WESTCHESTER GUARDIAN: Federal Appeals Court Exposes Pirro’s Misconduct



“In twelve years on this Court I have never seen such a Brady violation.”

Last Tuesday, August 22nd, the United States Court of Appeals for the Second Circuit handed up a decision in the Anthony DiSimone case. The appeal was by Westchester District Attorney Janet DiFiore’s Office, as Cross-Appellee, in opposition to an earlier decision by Federal District Court Judge Charles Brieant, granting a writ of habeas corpus, on a challenge to sufficiency of evidence, which produced a conviction for Depraved Indifference Murder. The decision, which reversed the lower Court’s ruling, for “procedural insufficiency,” more importantly exposed the prosecutorial misconduct, and outright unlawful activities engaged in by former DA Jeanine Pirro, and now justified, and defended, by Janet DiFiore, her successor.

Specifically, although the main thrust of the original petition filed by DiSimone, with the Federal District Court, dealt with the sufficiency of evidence presented in connection with his conviction for Depraved Indifference Murder in the death of Louis Balancio, the real significance of the decision is its detailed exposure of the calculated, and unlawful activities engaged in by a malicious prosecutor bent on convicting an innocent Defendant, for her own purposes, at any cost. The case arises from a street brawl in front of the former Strike Zone Bar, on Central Avenue in Yonkers, in 1994, between some thirty local toughs that resulted in the death of the 21-year-old college student who suffered a total of thirteen stab wounds.

Defendant DiSimone, who continued to live in plain sight in the City of Yonkers, with his wife and infant son, became the target of one of DA Pirro’s more imaginative propaganda efforts. She would falsely claim that he had run off to Sicily, and that he was being pro tected by the Cosa Nostra. She would twice try to indict him, failing each time, while succeeding in indicting Darin Mazzarella, a known criminal charged in other homicides and present at the Strike Zone incident. Finally, only after empanelling a so-called “special grand jury” and offering immunity from prosecution, and placement into a witness protection program to Mazzarella, and his equally violent, and criminal brother Nick, in return for testimony against DiSimone,, was Mrs.

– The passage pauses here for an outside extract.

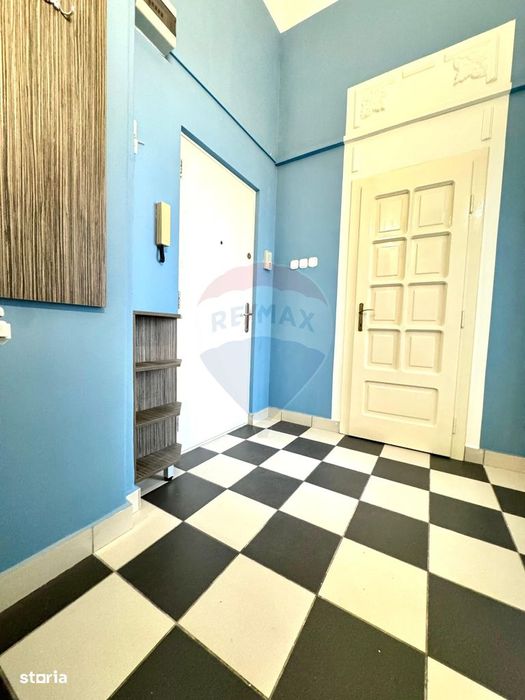 Apartament cu 2 camere de vânzare în zona Ultracentral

Pirro able to secure an indictment against him.

The 29-page decision, authored by Justice Calabresi, the presiding judge of the three judge panel, who listened to the oral arguments offered by John R Bartels, Jr., attorney for Anthony Di-Simone, and Valerie A. Livingston, for DA Janet DiFiore, on June 21, disposes of the Defendant’s principle contention within the first half of the text concluding, “Because we find that DiSimone’s insufficiency claim was procedurally defaulted, we need not, and do not consider its merits:”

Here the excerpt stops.